▼
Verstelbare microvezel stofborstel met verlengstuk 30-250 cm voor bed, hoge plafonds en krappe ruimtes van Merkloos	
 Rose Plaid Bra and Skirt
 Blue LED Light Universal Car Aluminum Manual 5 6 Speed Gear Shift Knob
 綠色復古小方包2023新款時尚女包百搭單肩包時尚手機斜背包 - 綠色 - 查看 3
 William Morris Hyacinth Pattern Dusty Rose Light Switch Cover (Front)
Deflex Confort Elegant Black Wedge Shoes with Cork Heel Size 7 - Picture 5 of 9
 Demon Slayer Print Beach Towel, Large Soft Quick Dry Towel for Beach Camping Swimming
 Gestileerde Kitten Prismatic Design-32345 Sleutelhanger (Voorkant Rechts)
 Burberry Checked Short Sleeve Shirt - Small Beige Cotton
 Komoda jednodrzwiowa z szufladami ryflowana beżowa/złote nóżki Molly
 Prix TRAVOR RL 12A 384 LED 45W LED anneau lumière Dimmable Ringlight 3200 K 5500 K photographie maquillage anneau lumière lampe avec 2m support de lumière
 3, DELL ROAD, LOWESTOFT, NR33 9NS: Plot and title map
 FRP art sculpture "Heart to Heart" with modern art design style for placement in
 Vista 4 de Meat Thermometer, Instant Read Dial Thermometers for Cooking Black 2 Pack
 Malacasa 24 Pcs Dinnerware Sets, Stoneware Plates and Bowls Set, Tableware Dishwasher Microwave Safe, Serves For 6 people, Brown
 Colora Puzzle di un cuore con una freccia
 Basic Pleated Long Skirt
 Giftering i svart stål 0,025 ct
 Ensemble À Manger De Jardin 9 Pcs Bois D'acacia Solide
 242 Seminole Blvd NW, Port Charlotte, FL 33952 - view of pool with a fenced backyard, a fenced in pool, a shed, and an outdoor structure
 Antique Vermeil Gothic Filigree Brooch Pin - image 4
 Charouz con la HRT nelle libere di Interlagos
▲
- _Task objective_
All of the data above should be output exactly.

- _Completed task_
Verstelbare microvezel stofborstel met verlengstuk 30-250 cm voor bed, hoge plafonds en krappe ruimtes van Merkloos	
 Rose Plaid Bra and Skirt
 Blue LED Light Universal Car Aluminum Manual 5 6 Speed Gear Shift Knob
 綠色復古小方包2023新款時尚女包百搭單肩包時尚手機斜背包 - 綠色 - 查看 3
 William Morris Hyacinth Pattern Dusty Rose Light Switch Cover (Front)
Deflex Confort Elegant Black Wedge Shoes with Cork Heel Size 7 - Picture 5 of 9
 Demon Slayer Print Beach Towel, Large Soft Quick Dry Towel for Beach Camping Swimming
 Gestileerde Kitten Prismatic Design-32345 Sleutelhanger (Voorkant Rechts)
 Burberry Checked Short Sleeve Shirt - Small Beige Cotton
 Komoda jednodrzwiowa z szufladami ryflowana beżowa/złote nóżki Molly
 Prix TRAVOR RL 12A 384 LED 45W LED anneau lumière Dimmable Ringlight 3200 K 5500 K photographie maquillage anneau lumière lampe avec 2m support de lumière
 3, DELL ROAD, LOWESTOFT, NR33 9NS: Plot and title map
 FRP art sculpture "Heart to Heart" with modern art design style for placement in
 Vista 4 de Meat Thermometer, Instant Read Dial Thermometers for Cooking Black 2 Pack
 Malacasa 24 Pcs Dinnerware Sets, Stoneware Plates and Bowls Set, Tableware Dishwasher Microwave Safe, Serves For 6 people, Brown
 Colora Puzzle di un cuore con una freccia
 Basic Pleated Long Skirt
 Giftering i svart stål 0,025 ct
 Ensemble À Manger De Jardin 9 Pcs Bois D'acacia Solide
 242 Seminole Blvd NW, Port Charlotte, FL 33952 - view of pool with a fenced backyard, a fenced in pool, a shed, and an outdoor structure
 Antique Vermeil Gothic Filigree Brooch Pin - image 4
 Charouz con la HRT nelle libere di Interlagos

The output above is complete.